No ambiente externo, o especialista defende o reforço do policiamento comunitário escolar e a atenção ao design ambiental das escolas, que influencia diretamente no comportamento e na percepção de segurança. “O ambiente físico precisa favorecer o convívio seguro. A escola deve ser bem iluminada, ter pintura adequada, faixas de pedestres, calçadas e sinalização em bom estado. Todos esses fatores ambientais ajudam a reduzir a criminalidade e a sensação de vulnerabilidade”, explica.

Ele também chama atenção para a influência da estrutura familiar no comportamento dos estudantes. Em regiões mais pobres, onde há maior desagregação social, a ausência de um dos responsáveis, o encarceramento de pais e a falta de vínculos familiares acabam se refletindo dentro das escolas. “Muitos alunos vivem realidades difíceis, com pais ausentes ou em situação de vulnerabilidade. Esses contextos acabam desaguando na escola e exigem uma resposta articulada entre diferentes órgãos”, pontua.

Por isso, Fagner defende que o enfrentamento da violência escolar deve ser intersetorial, envolvendo não apenas a Secretaria de Segurança Pública, mas também a Secretaria de Educação, a Secretaria de Desenvolvimento Social, a Polícia Militar e outros órgãos. Ele cita o programa CPTED — Crime Prevention Through Environmental Design, desenvolvido pela Secretaria de Segurança Pública, como um exemplo de política que pode contribuir se for aplicada de forma efetiva.

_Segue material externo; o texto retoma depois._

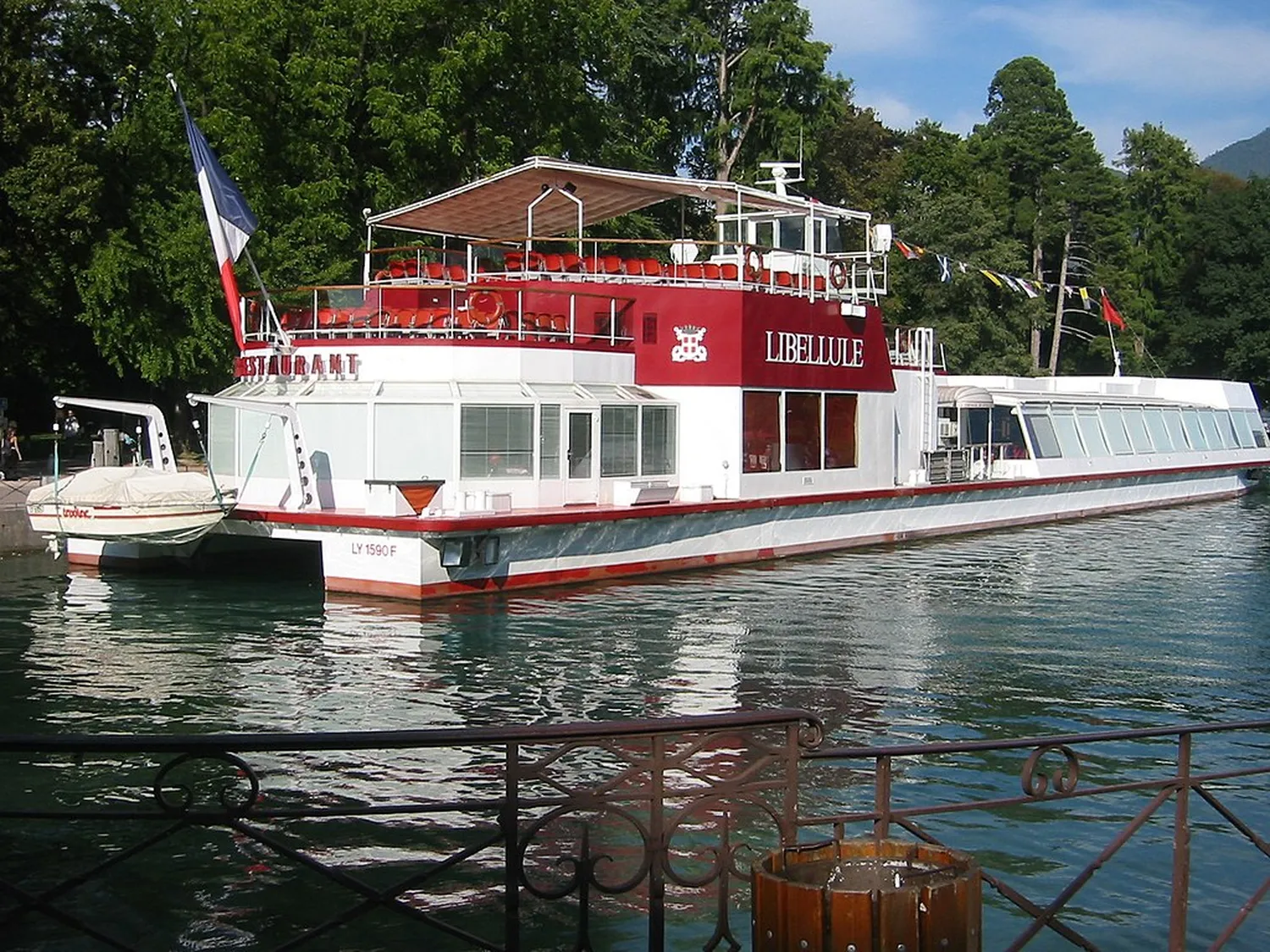 Le libellule restaurant Annecy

“O CPTED é uma iniciativa importante, mas precisa ser implementado à risca. Tudo o que está sendo mapeado como problema de design ambiental nas escolas precisa ser resolvido para que o programa dê suporte real às ações das forças de segurança e de proteção social. É um trabalho que exige cooperação e continuidade”, conclui o especialista.

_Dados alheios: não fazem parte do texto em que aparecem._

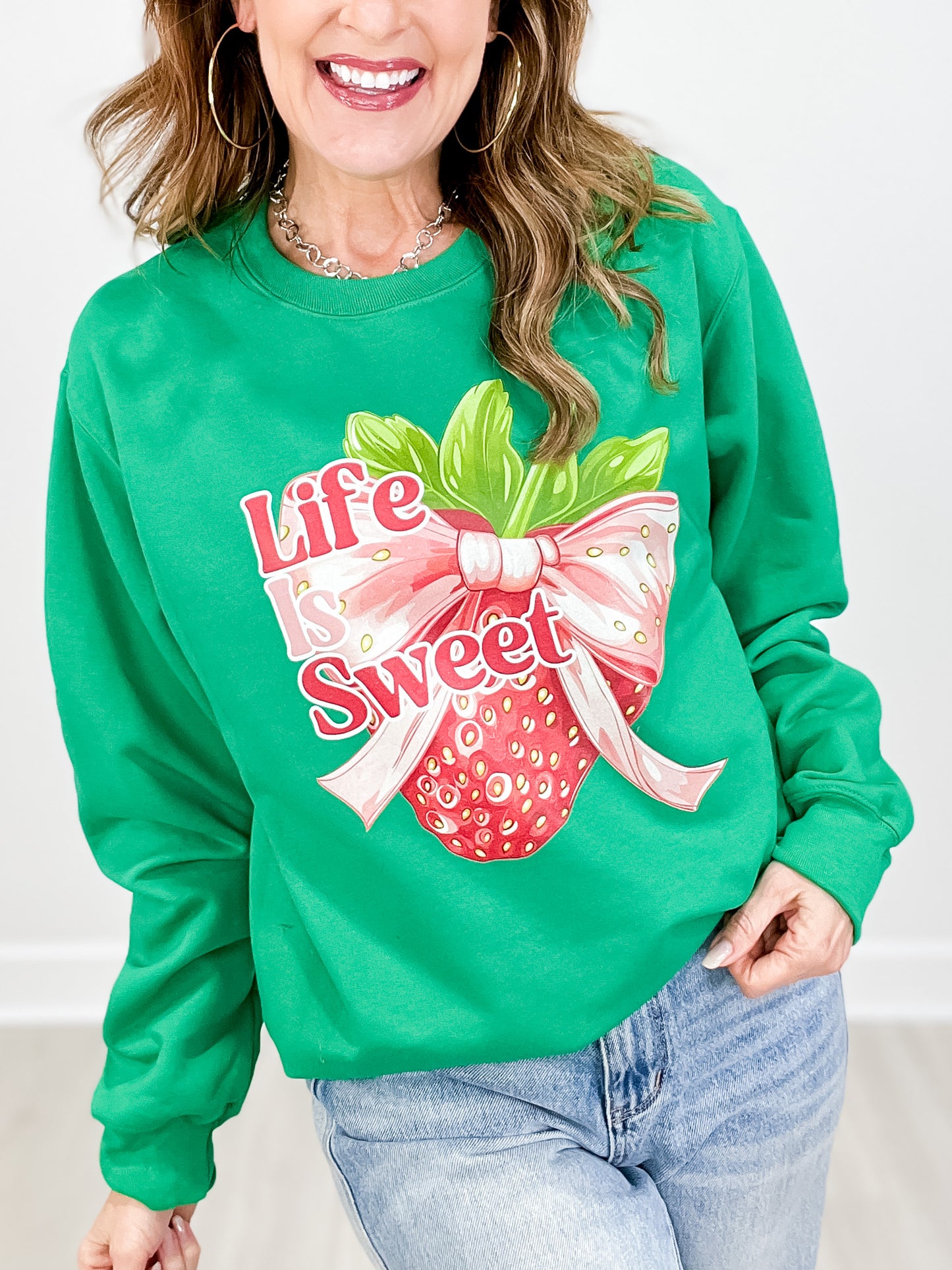 Life is Sweet Sweatshirt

Casos recentes reforçam urgência de medidas

Os dados ganham peso diante de casos recentes, como o ocorrido no Centro de Ensino Fundamental (CEF) 31, em Ceilândia, no último dia 22 de setembro. Vídeos que circularam nas redes sociais mostraram estudantes portando facas e proferindo ameaças dentro da escola, o que gerou apreensão entre pais e alunos.

Segundo a Polícia Militar do DF (PMDF), os alunos envolvidos foram identificados, e a direção da escola adotou medidas administrativas imediatas. O Batalhão de Policiamento Escolar (BPEsc) informou que intensificou o monitoramento da unidade, com operações direcionadas e reforço de presença policial.

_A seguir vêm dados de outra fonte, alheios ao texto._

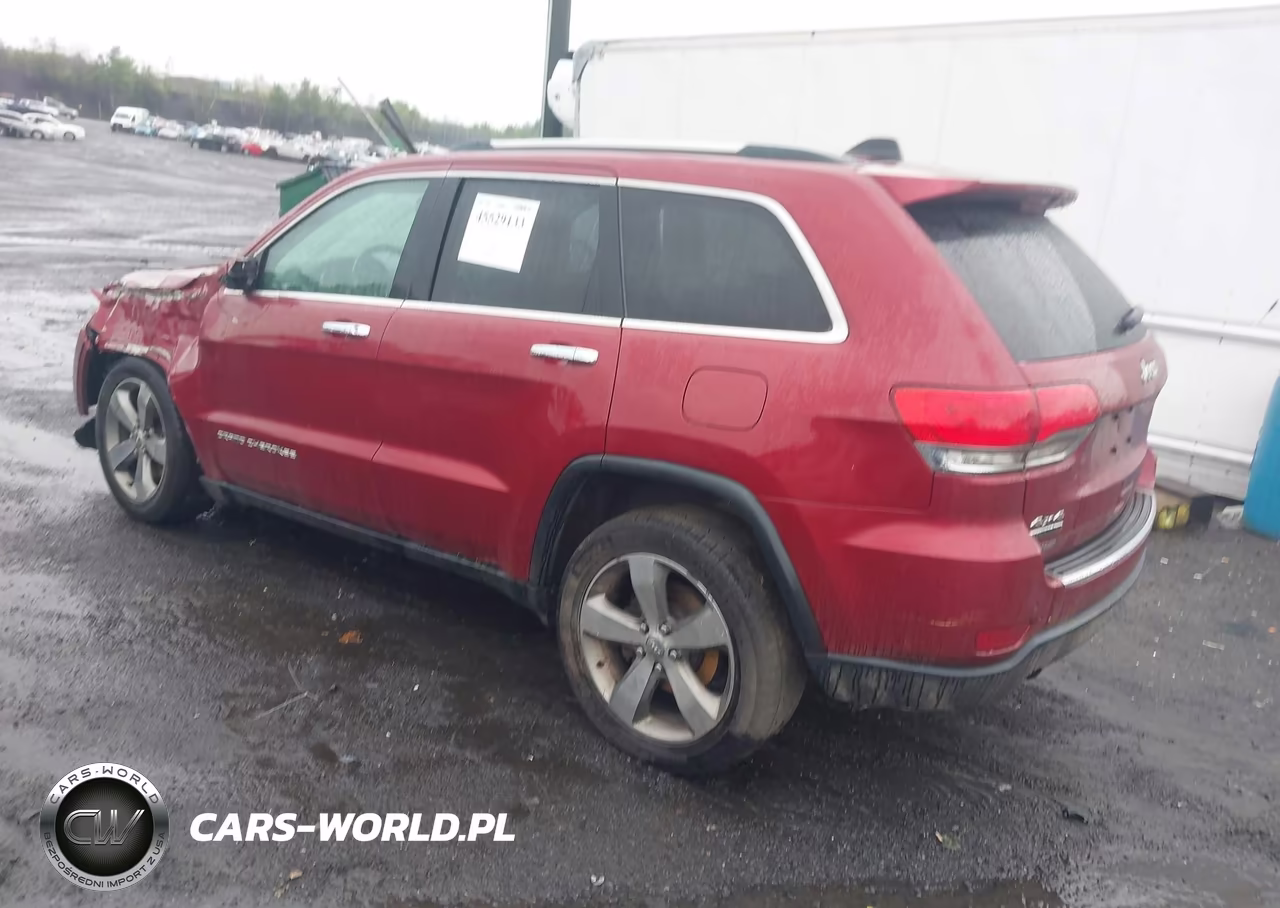 2015 Jeep Grand Cherokee Limited VIN:1C4RJFBM5FC238375 - 3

Somente em 2025, o batalhão já realizou 101 visitas ao CEF 31, dentro do Roteiro de Patrulhamento Escolar. “O BPEsc permanece atento a quaisquer situações de ameaça em escolas públicas ou privadas e conta com a colaboração da comunidade para o envio de denúncias e informações que contribuam para a manutenção da ordem pública e da segurança de alunos, professores e servidores”, diz a corporação em nota.

Ações pedagógicas e acolhimento

A Secretaria de Educação do DF (SEEDF) confirmou que o CEF 31 tomou conhecimento das imagens em 22 de setembro e que os responsáveis pelos estudantes foram convocados. De acordo com a pasta, não houve qualquer agressão física.

Em nota, a secretaria afirmou que o caso passou a ser acompanhado pela Assessoria Especial de Cultura de Paz (AECP), que atua junto à escola e aos órgãos de segurança. “Foram adotadas todas as medidas administrativas e pedagógicas cabíveis, incluindo reforço do policiamento nos horários de entrada e saída e ações educativas internas”, informou a SEEDF.

A pasta reforça que a rede pública não tolera comportamentos que coloquem em risco a integridade da comunidade escolar e que as medidas previstas no Regimento Escolar, como advertência e suspensão, são aplicadas quando há condutas que possam configurar atos infracionais.

Desafios

O relatório da PCDF, concluído em 8 de setembro de 2025, serve como base para orientar políticas públicas voltadas à proteção da comunidade escolar. A corporação destaca que as ocorrências vão muito além de furtos e depredações: envolvem violência psicológica, ameaças, agressões físicas e crimes de discriminação, exigindo uma resposta integrada entre escolas, forças de segurança e famílias.

Enquanto os números seguem altos, o desafio é transformar o ambiente escolar em espaço de convivência segura e diálogo, onde a prevenção da violência se torne rotina.